President Joe Biden indicated on Friday night that he plans to send troops to Eastern Europe in the "near term."
The remarks came as the president was at Joint Base Andrew after his trip to Pittsburgh, where he discussed infrastructure. "I’ll be moving troops to eastern Europe in the NATO countries in the near term. Not too many," he said.
Such an indication echoes remarks that Biden made earlier in the week. On Tuesday, as his handlers tried to shuffle him away, the president answered a question about "deploying the troops."
The president responded that it depends on "what Putin does or doesn't do," and that "I may be moving some of those troops in the nearer term, just because it takes time." Additionally, he indicated that "we have no intention of putting American forces or NATO forces in Ukraine. But we — as I said, there are going to be serious economic consequences if he moves."

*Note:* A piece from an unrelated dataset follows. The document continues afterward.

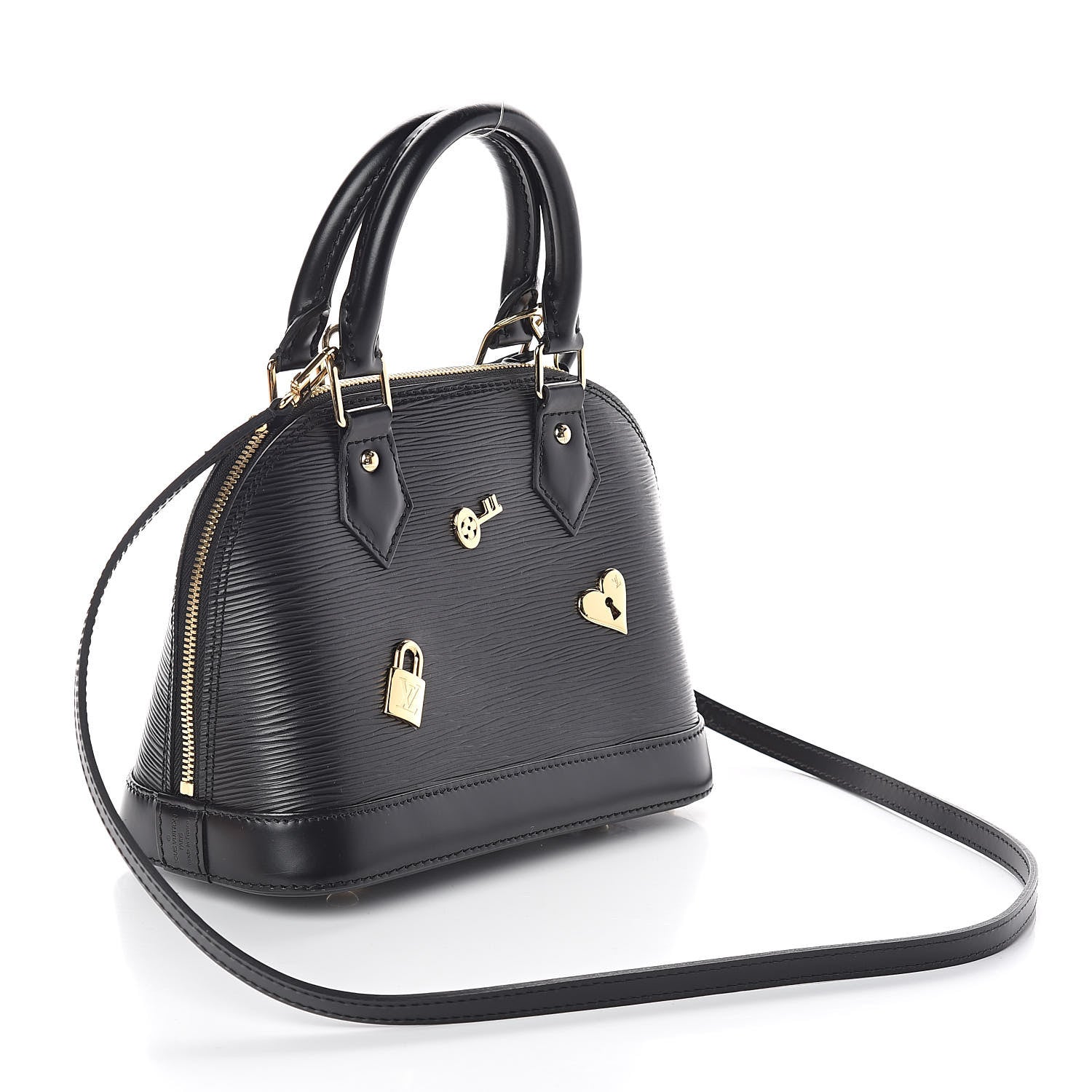 Louis Vuitton Epi Love Lock Alma BB Black 3 of 10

For all of this talk of "serious economic consequences," it appears the president isn't quick to act on them. Sanctions, which Ukrainian President Volodymyr Zelensky has been asking for against Russia, are still being finalized and have not yet been imposed.

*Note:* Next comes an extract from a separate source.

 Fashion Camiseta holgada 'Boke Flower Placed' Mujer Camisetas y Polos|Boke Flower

While Sen. Ted Cruz (R-TX) earlier this month offered legislation that would impose sanctions related to the Nordstream 2 pipeline, it failed with a vote of 55 to 44. The Biden administration appears to be the one taking the lead though in using the pipeline as a bargaining chip with Russia.
There are also units on high alert in the region. According to Jack Durschlag for Fox News, Pentagon Press Secretary Jack Kirby on Monday indicated that 8,500 troops are on "heightened preparedness to deploy, which increases our readiness to provide forces if NATO should activate" the NATO response force.
The Biden administration has stressed that "diplomacy and dialogue" is their preferred option when it comes to dealing with a potential Russian invasion of Ukraine, though Secretary of State Antony Blinken claims there will be a "swift response" if necessary.